PROBLEM TO WORK ON →
Retype the listing below line for line, but only from the line with "Blue/Purple Mushroom - Coral's Coral Live" down to the line with "Biene an Kleeblüte", inclusive. Pictures stay out.
(Beginning of THE DATA)
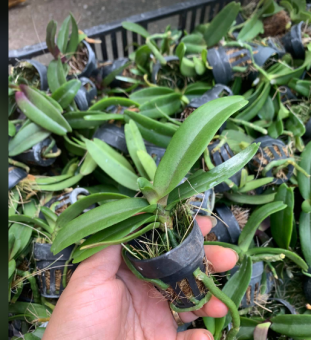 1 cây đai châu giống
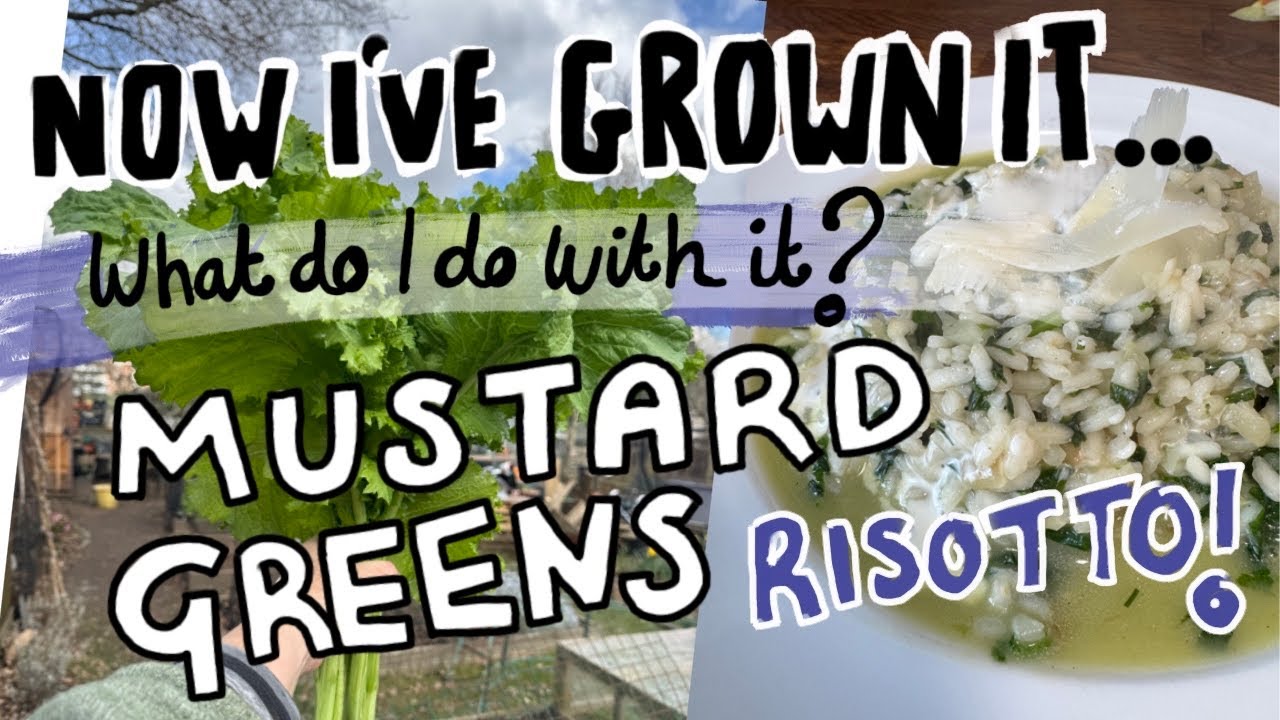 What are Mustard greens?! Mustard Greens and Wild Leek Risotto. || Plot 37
(End of THE DATA)
(Beginning of THE DATA)
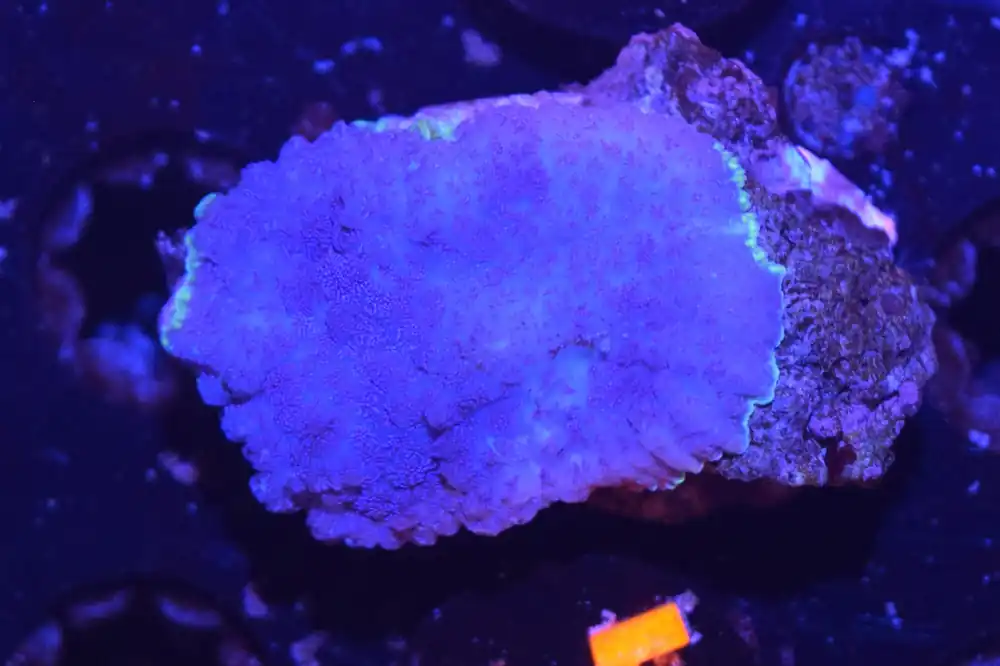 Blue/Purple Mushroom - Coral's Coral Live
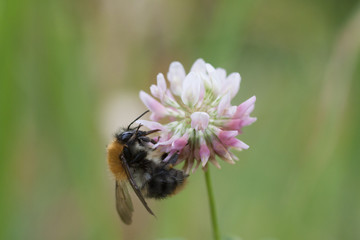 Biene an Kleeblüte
(End of THE DATA)
PROBLEM SOLUTION →
 Blue/Purple Mushroom - Coral's Coral Live
 Biene an Kleeblüte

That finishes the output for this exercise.